Valid Time tables can also be used for other data that needs to be tracked through time. However different Triggers are required when users are enabled to change the Start and End Dates as a regular data entry function. There are other implementation challenges associated with enforcing integrity constraints for these scenarios. Although the non-temporal primary key can still be combined with the End Date in non-auditing designs for a suitable natural key, this key will not enforce the idea of no-overlapping time periods that is integral to the design. Rick Snodgrass has written extensively on the use of Valid-Time tables and has an interesting article on the subject of implementing data integrity for these designs Referential Integrity Over Time-Varying Tables on a DB2 installation.

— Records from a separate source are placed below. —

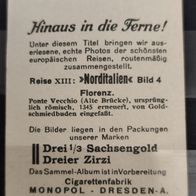 Zigarettenb. Nr. 4 Hinaus in die Ferne ! Reise XIII: orditalien-Florenz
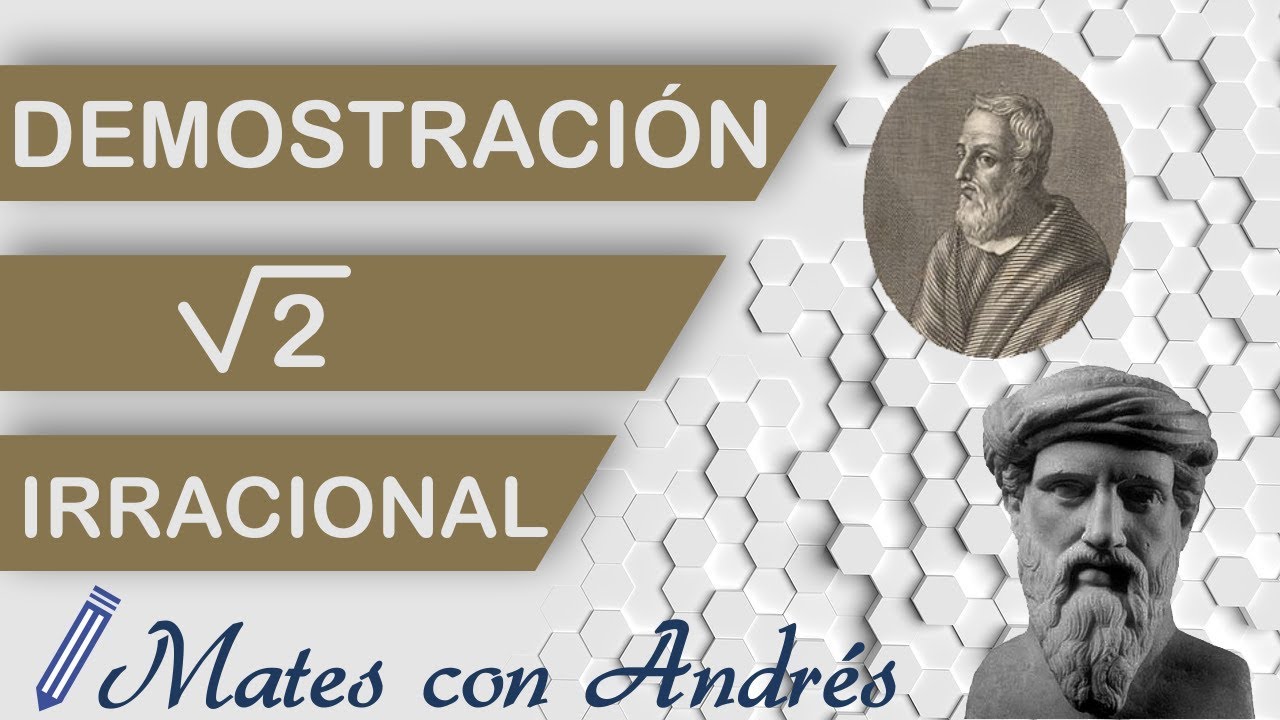 Demostración Raíz Cuadrada de 2 es Irracional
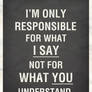 I'm Only Responsible for...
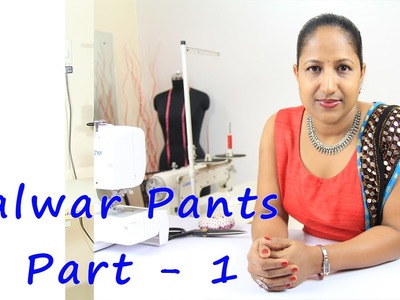 How to make salwar pants - Theory - Part 1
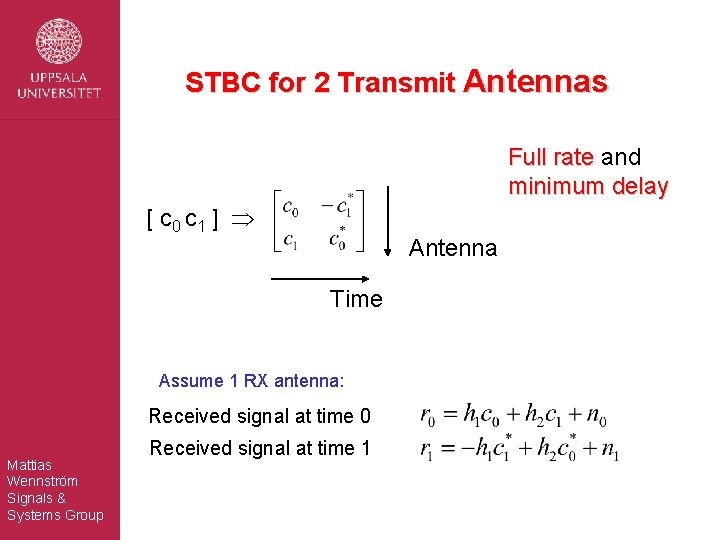 STBC for 2 Transmit Antennas Full rate and minimum delay [ c 0 c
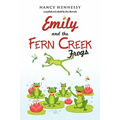 Emily and the Fern Creek Frogs - Paperback
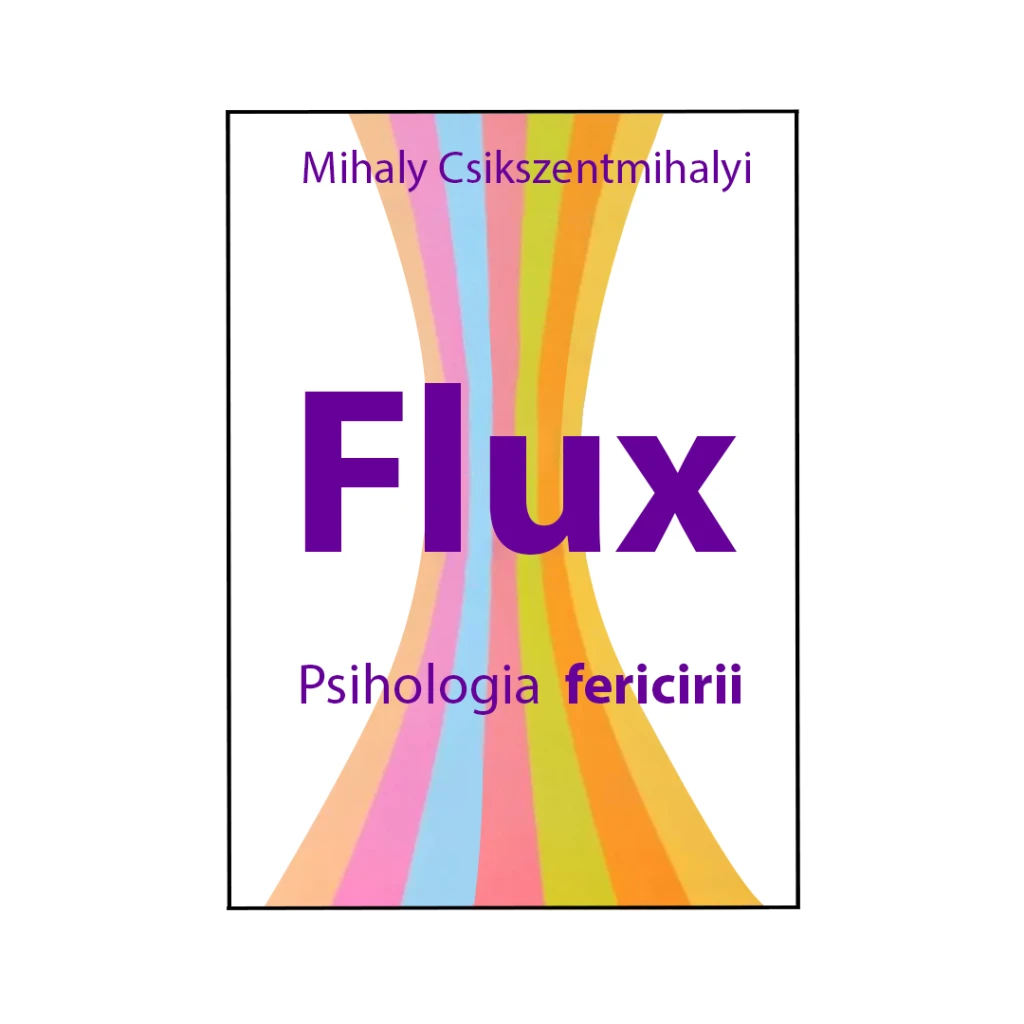 Flux. Psihologia fericirii-Mihaly Csikszentmihalyi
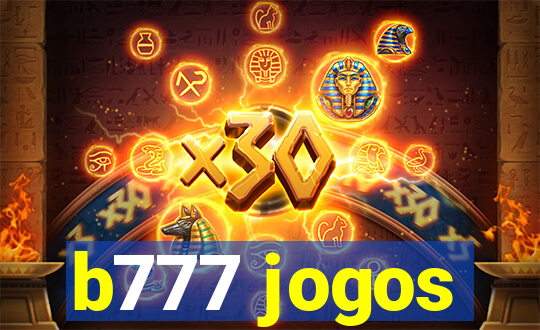 b777 jogos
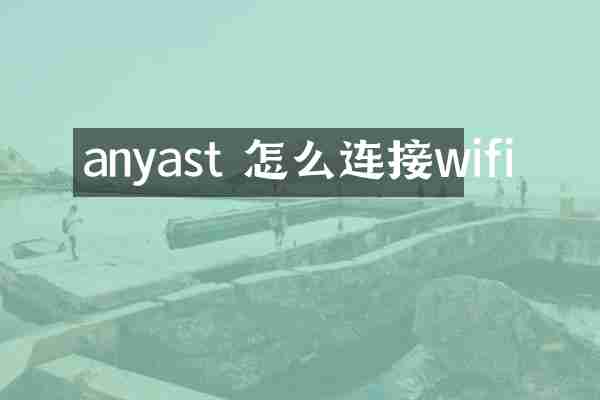 anyast 怎么连接wifi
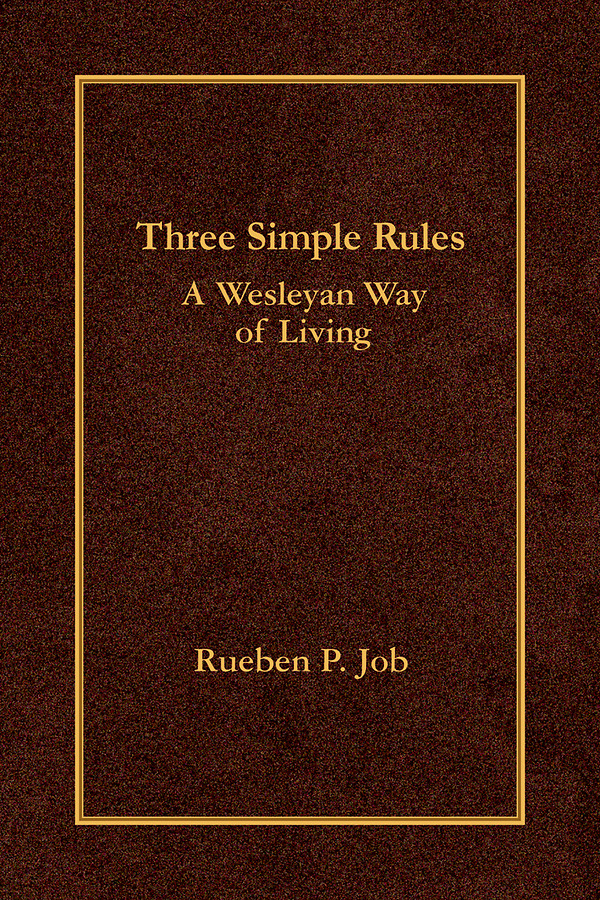 In Three Simple Rules, Rueben Job offers an interpretation of John Wesley's General Rules for today's readers. For individual reading or group study, this insightful work calls us to mutual respect, unity and a deeper daily relationship with God.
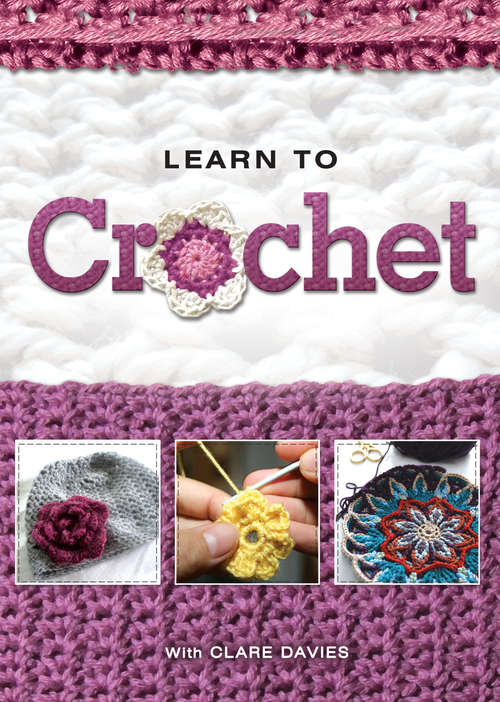 Book cover of Learn to Crochet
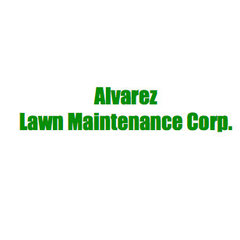 Alvarez Lawn Maintenance Corp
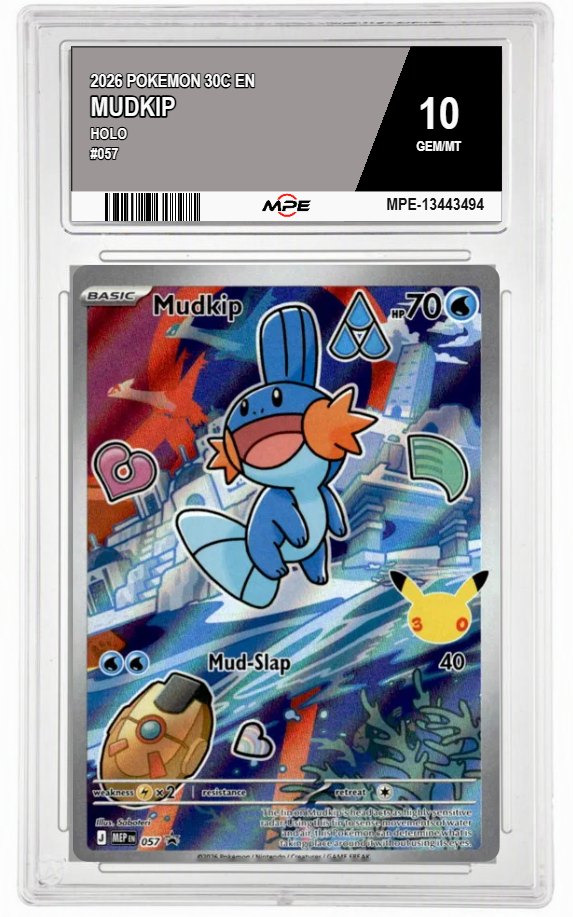 2026 POKEMON 30C EN HOLO #057 MUDKIP MPE 10 GEM/MT — graded card auctioned from the MPE vault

Logging changes to individual field values is generallynot practical for temporal designs that, although there are reasons why the technique offers special advantages for auditing purposes. First off, logging individual field changes does not require a selective update to expire the old record after any change. The database only has to to write a new record at the end of the field change history table indicating each new field. Secondly, when working with tables containing a very large number of fields, of which only a few are ever updated as a group, a full Valid Time audit table can result in more disk usage. But if a base table sees a lot of insert and delete activity and most update operations affect more than just one or two fields, Valid Time tables will probably take up less space than a field level audit table. This is because the key information and time stamps are only written once an operation not once per value. It is also much easier to reconstruct historic record values with Valid Time tables. You can use native data types in Valid Time tables instead of having to coerce all your data into large varchar fields for storage and then back to native data types for queries. You don't have to worry about capturing complex primary keys with Valid Time tables. For all these reasons field logging techniques is often the wrong design choice for many practical applications.